Difference between us and international english Framemaker

Steve Rickaby srickaby at wordmongers.demon.co.uk
Thu Dec 14 09:04:03 PST 2006


At 08:49 -0800 14/12/06, Gillian Flato wrote:

>This brings up a topic that will affect us soon. My company just merged with a company on England. They write their manuals the English way (i.e. colour, theatre etc.) and we write the American way (color, theater). In 2007, I will be working on a project with them so the docset will be split up between their local tech writer and me.

I assume you mean 'in England'. I know we're smaller than you, but we're bigger than just a rock in the Atlantic ;-)

>So the question is, which English do we standardize on?

And the answer is... whichever you prefer.
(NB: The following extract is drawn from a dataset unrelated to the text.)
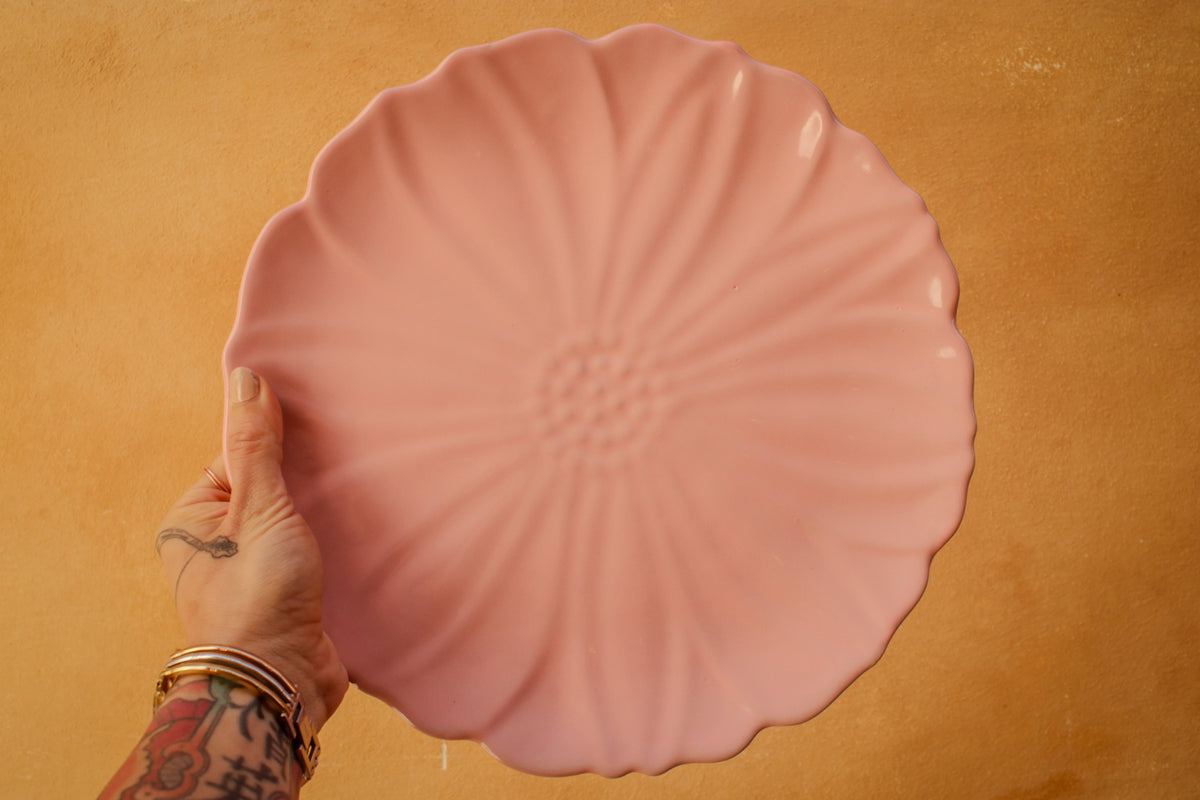 Plato grande hecho a mano de cerámica con forma de flor de peonía, 5 colores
It's a corporate policy-level issue, but in most cases it's US English that wins out.

As a UK-based tech author, I very frequently have to work in US English, both for US clients and for UK publishers who have standardised on US English for the international market. I think you'd find that any competent tech author should be conversant with this - although I have to look up the punctuation rules every time. Make sure your author realises that it's not just spelling: word usage, punctuation, grammar and idiom are involved too. I'm sure there are good reference works on the subject.

One thing to be wary of, if we're talking about FrameMaker: I've found that the US English dictionary is sometimes a little too lax. For example, it accepts both 'modelling' and 'modeling'. Or mine does, anyway.